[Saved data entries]
###

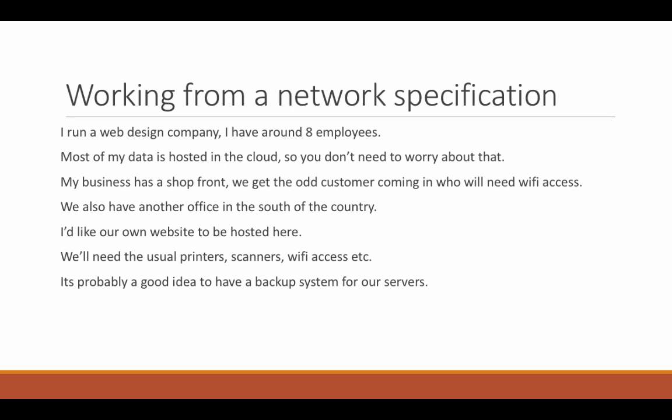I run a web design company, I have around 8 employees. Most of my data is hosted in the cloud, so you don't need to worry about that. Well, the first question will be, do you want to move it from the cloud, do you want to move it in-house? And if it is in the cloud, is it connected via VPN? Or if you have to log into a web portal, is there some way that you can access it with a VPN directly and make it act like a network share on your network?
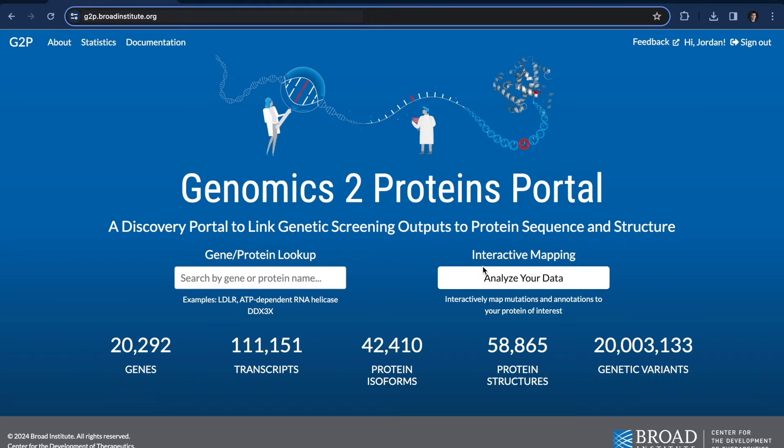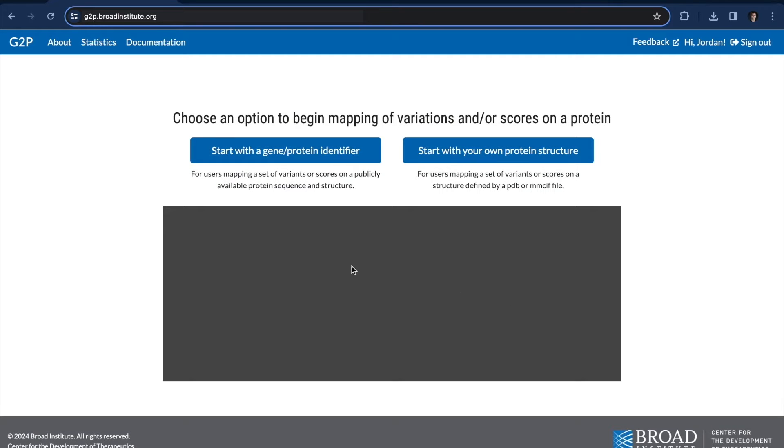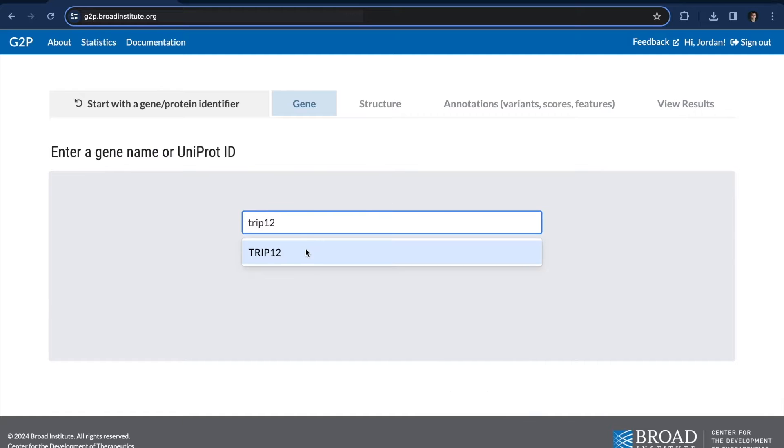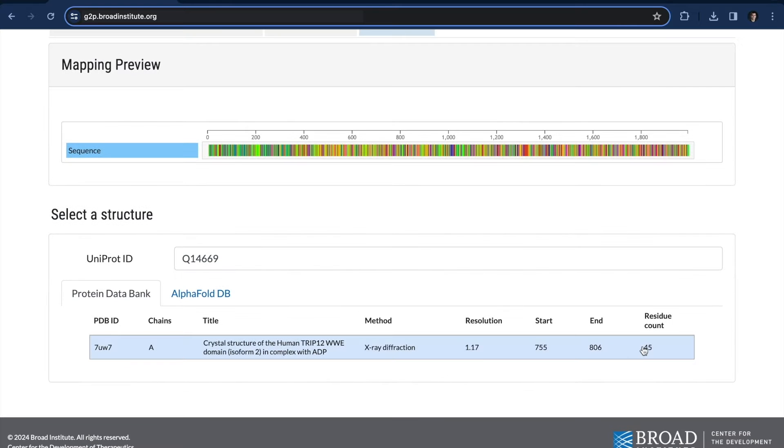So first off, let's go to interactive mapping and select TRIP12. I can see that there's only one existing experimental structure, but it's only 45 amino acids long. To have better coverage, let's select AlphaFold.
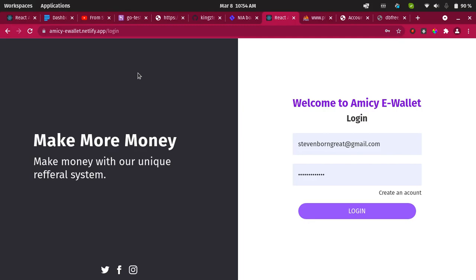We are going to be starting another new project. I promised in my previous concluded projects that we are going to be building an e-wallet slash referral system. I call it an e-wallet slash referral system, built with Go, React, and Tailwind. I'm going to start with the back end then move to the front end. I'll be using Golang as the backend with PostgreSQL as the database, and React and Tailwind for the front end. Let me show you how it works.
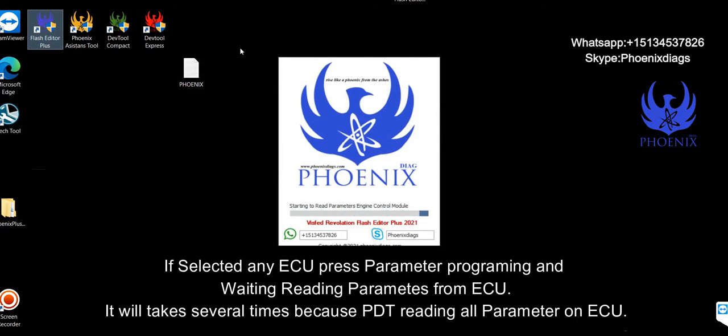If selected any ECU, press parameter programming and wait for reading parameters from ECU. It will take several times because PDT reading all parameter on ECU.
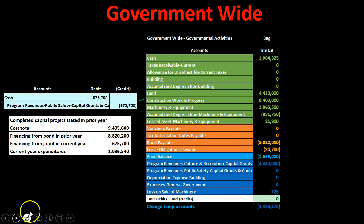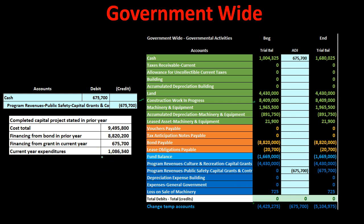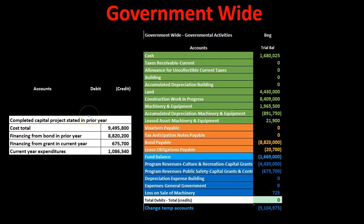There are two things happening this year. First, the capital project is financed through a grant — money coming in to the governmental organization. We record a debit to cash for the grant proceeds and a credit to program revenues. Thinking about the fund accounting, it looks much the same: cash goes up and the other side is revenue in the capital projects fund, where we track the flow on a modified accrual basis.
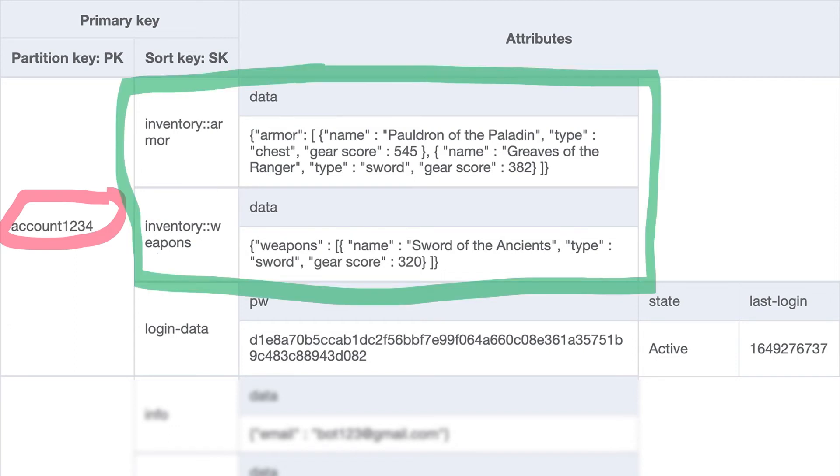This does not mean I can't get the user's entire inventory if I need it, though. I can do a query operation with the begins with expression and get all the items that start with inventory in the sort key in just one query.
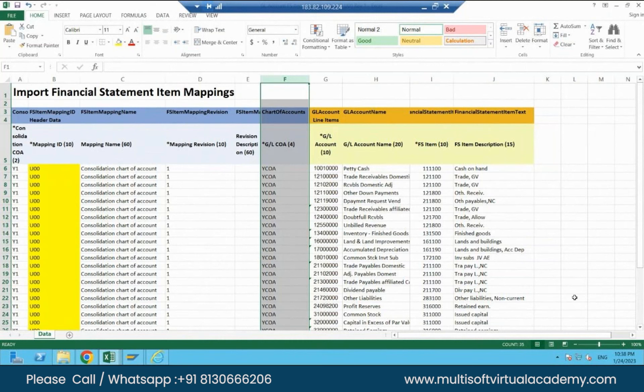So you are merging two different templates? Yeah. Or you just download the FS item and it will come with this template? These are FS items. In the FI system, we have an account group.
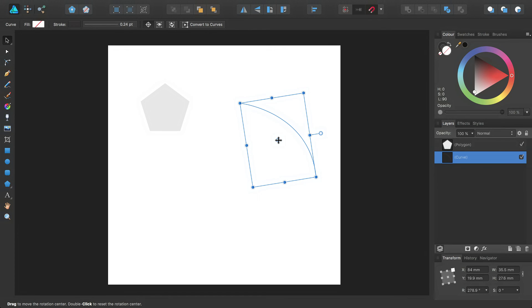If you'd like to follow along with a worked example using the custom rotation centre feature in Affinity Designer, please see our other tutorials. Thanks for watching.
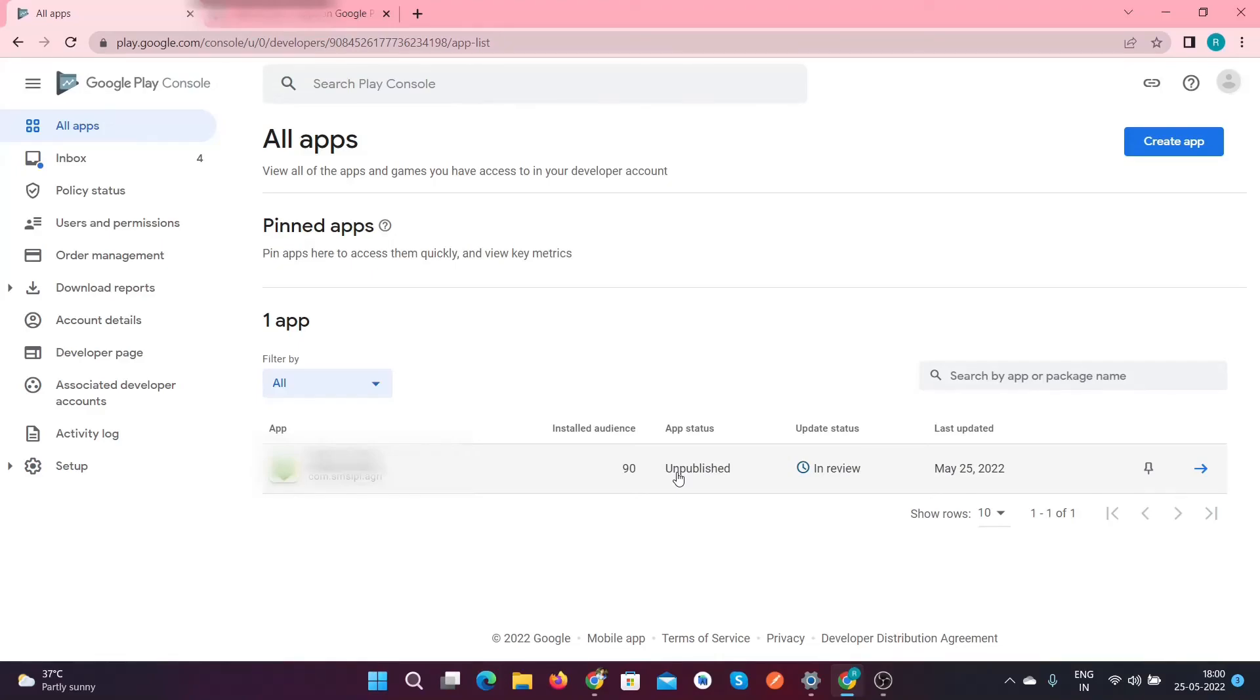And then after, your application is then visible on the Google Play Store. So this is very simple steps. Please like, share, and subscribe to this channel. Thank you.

###

» PROBLEM REQUIREMENTS: Please write out, exactly, every line from the line with "If you'd like" through the final line of the data above, leaving out pictures.

» WRITTEN REPLY:
If you'd like to follow along with a worked example using the custom rotation centre feature in Affinity Designer, please see our other tutorials. Thanks for watching.
And then after, your application is then visible on the Google Play Store. So this is very simple steps. Please like, share, and subscribe to this channel. Thank you.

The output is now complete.